Colorado Springs News, Sports & Business

Gazette Premium Content Colorado Springs Leechpit, home to vintage clothing and memorabilia, to close this summer

By Ned Hunter Updated: June 7, 2013 at 9:23 am

Despite an offer of a new home for its collection of vintage memorabilia, the Leechpit will close July 13 because the owner of its current site at 802 N. Nevada Ave. has other plans for the building.

The Leechpit, which leases the building from Colorado College, caters mostly to hipsters and a nostalgic crowd seeking non-mainstream clothing and music.

Inside, the store is filled with used cowboy boots, tin lunch boxes, '80s band T-shirts, rows of "ugly" sweaters, Zippo lighters and thousands of vinyl records, like "Pink Floyd" and "Meet the Rutles."

Outside, its walls are covered with sun-blanched posters of off-beat bands and advertisements.

"I think it fits in really well with my vision of Colorado College," said Mark Pimentel, 56, who bought a Leechpit shirt for his son on Thursday. "It's trippy, eclectic; it's what you see on campus."

In August 2011, almost immediately after a leadership change at the college, Leechpit owner Adam Leech said CC officials told him they would not renew his two-year lease, which expires July 31. Leech will close his store a few weeks before so he has time to move its thousands of items.

"July 13 is the end of the road for us," Leech said.

The building was originally Toons Music & Film, a once popular location for midnight CD releases, concerts and other events, Leech said.
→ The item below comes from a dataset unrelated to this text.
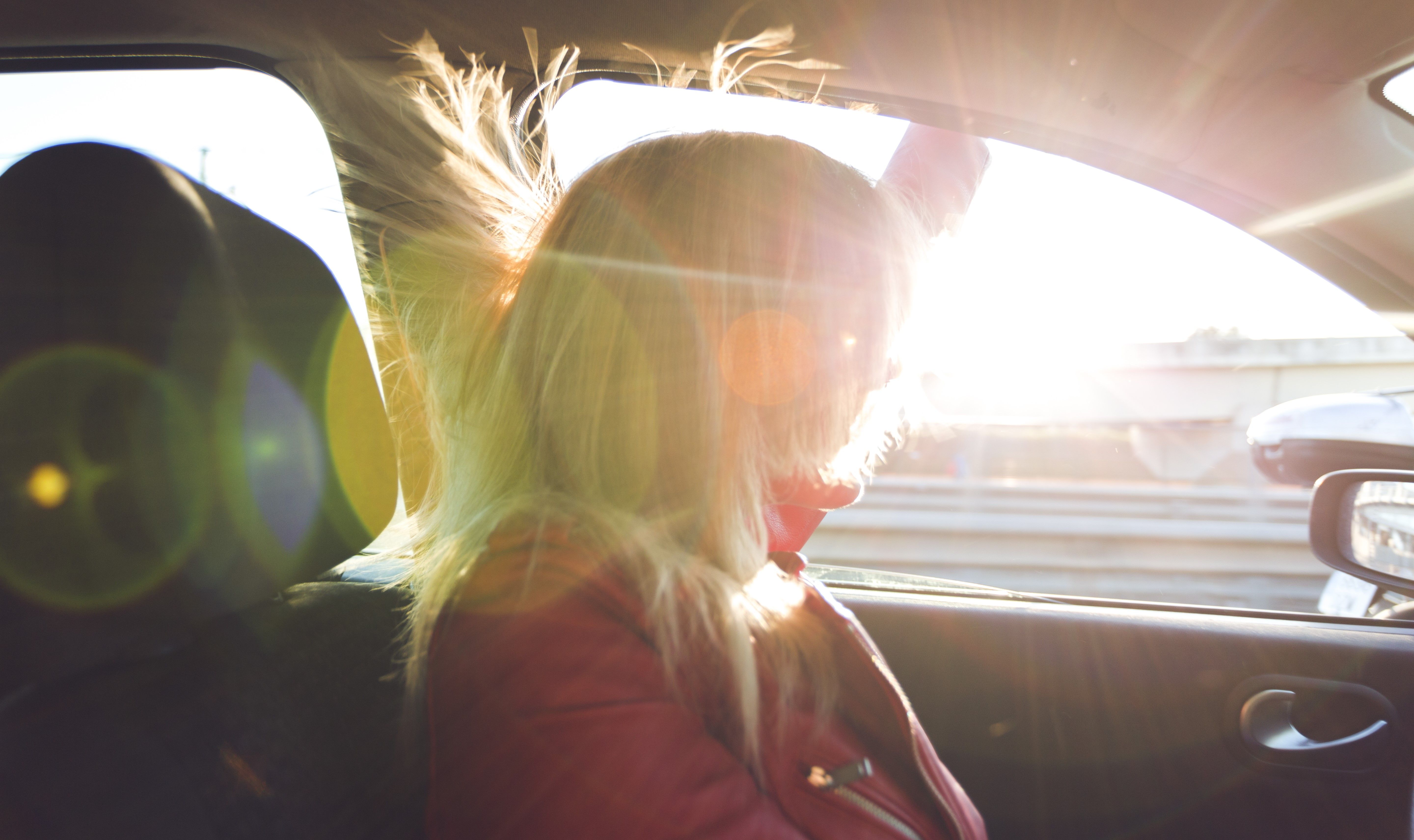 woman-car-looking-out-window - FREEPIK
He worked at Toons in 1994 when he was 15. That business closed around April 2008, Leech said.

Now Leech has less than eight weeks to do the same.

Leslie Weddell, college news director, said the college wants the building for future student activities.

"We are looking at the space for creative collaborative endeavors for our students, and we feel it's a good space for the students that meet our students' needs," she said.

Late last year, the college offered Leech another building for his business, Leech said. But he declined, saying the other building is "unsuitable" for most retail businesses.

When asked why the college did not let Leech stay where he is and use the other building for student activities instead, Weddell said:

"We feel this (the Leechpit building) is a good space for the use and the needs of our students, and we are putting our students' needs first."

For James Melton, 31, the Leechpit is more than a place to find vintage clothing.

"It brings back a lot of memories of growing up in the 80's," he said.

Leech opened the first Leechpit in 2003 at 708 N. Weber St. He moved to his current location in 2011.

To prepare for the closure, Leech already is selling items at a discount. On Thursday, it was buy-three/get-one-free, and the deals will get better as the deadline to vacate the building draws closer.

So far, Leech has not found another location for his store. He said he has looked at several other places, but none seemed "worthy."

He would like to stay in the college district where he was born and raised, or perhaps the city's west side.

"It seems illogical that there would be no place for us," he said, "but it's about protecting your baby, and this is my baby."